Bachar Al Assad ignore le mécontentement populaire et tente de rassurer fidèles et alliés


Aurélien Pialou

Au cours de ce qui constitue l’événement médiatique du jour, le chef de l’Etat syrien Bachar al Assad s’est prononcé sur la manière dont il souhaitait conduire la Syrie pour lui permettre de surmonter la crise. Trois aspects de son dicours retiennent l’attention.

Nouveau discours, nouvelles promesses
(selon Ali Farzat)

Tout d’abord, la rhétorique. Dans le conflit en cours, il – le président… et ceux qui monopolisent avec lui les moyens de la violence qui s’exerce sur les masses – représente le peuple. Il ne fait que se défendre. Il est attaqué en raison de ses positions, ô combien courageuses, sur la Palestine, qui ne l’ont pas dissuadé, rappelons-le, d’attaquer récemment le camp de Yarmuk et de massacrer les Palestiniens qui y résident. Bref, le diptyque, « je suis la nation » et « la nation syrienne représente le monde arabe légitime », reste plus que jamais d’actualité dans la pensée présidentielle.

Ensuite, le programme. Il est clair. Un pardon circonstancié en fonction de critères obscurs, un dialogue national et un nouveau gouvernement. Précisons bien les termes. Le nouveau gouvernement demeurera sous la conduite du chef de l’Etat. Le dialogue national sera conduit et le pardon prononcé par les services compétents, les moukhabarat.

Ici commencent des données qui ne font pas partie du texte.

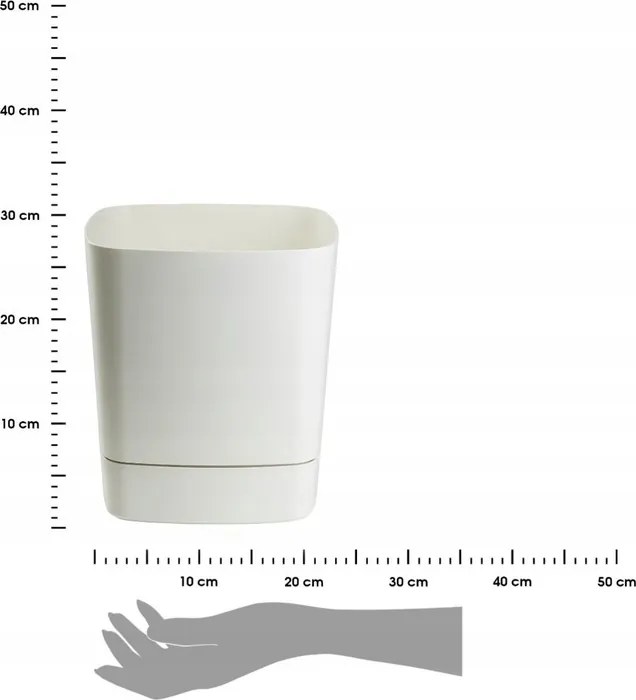 Plastový květináč s podmiskou Cubi 30x30 cm krémový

Enfin, le décorum. Des foules fanatisées qui ne crient pas pour défendre la Syrie, mais pour clamer leur amour de Bachar al Assad. Elles considèrent, mais sous une autre forme qu’en avril 2011, que leur « leader maximo » dispose de toutes les qualités requises pour accéder au titre et à la fonction de « président de l’univers ». Dans les rituels staliniens, il est indispensable de disposer d’une foule galvanisée, prête à s’enflammer quel que soit le discours. On est ici face au même cas de figure. En cela, il faut saluer la constance du président. Son discours d’avril 2011 et celui de janvier 2013 exploitent les mêmes arguments, les mêmes logiques, les mêmes visions, les mêmes méthodes. Le message est clair !

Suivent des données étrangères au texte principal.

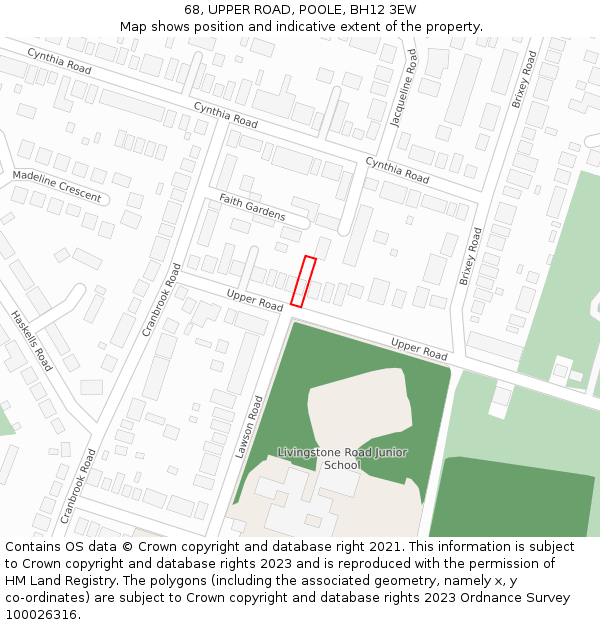 68, UPPER ROAD, POOLE, BH12 3EW: Location map and indicative extent of plot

« Ophtalmo, guéris-toi toi-même »
(par Ali Farzat)

Pendant ce temps, la réalité devient chaque jour plus dramatique pour les Syriens, trop souvent occultée par la succession des événements. Elle offre deux faces, radicalement antagonistes.

D’un côté, le message du président et de son régime. Il s’écrit en lettre de sang. Le nombre de morts, objet d’un débat indécent depuis quelque jours, est brutalement passé de 47 à 60 000 morts durant la semaine écoulée. Ce « rattrapage » révèle la difficulté de ceux qui assitent au drame en simples spectateurs à percevoir l’ampleur du carnage. Alors qu’à l’intérieur, tout le monde s’entend pour parler de plus de 100.000 morts, voire peut-être 150.000, reconnaître une telle réalité reviendrait, pour les instances internationales, à reconnaître la faillite de leur approche. Que dire alors d’autres réalités de cette politique défendue et martelée par le président en personne ?  Que dire du million de Syriens et Syriennes torturés, dont quelques uns ne sont sortis des geôles du régime que pour décéder dans les jours suivants, et dont les autres ne se remettront sans doute jamais de cette épreuve, durablement brisés dans leur chair et leur être ? Que dire des quatre millions de Syriens jetés sur les routes par la destruction de leur demeure, grâce au zèle d’une armée qui brûle le pays pour sauver un seul homme, son « dieu », Bachar al Assad ? Faudra-t-il être en mesure de dénombrer les yeux arrachés dans les geôles syriennes par les sbires assadiens, pour comprendre notre aveuglement ? Le message est pourtant clair !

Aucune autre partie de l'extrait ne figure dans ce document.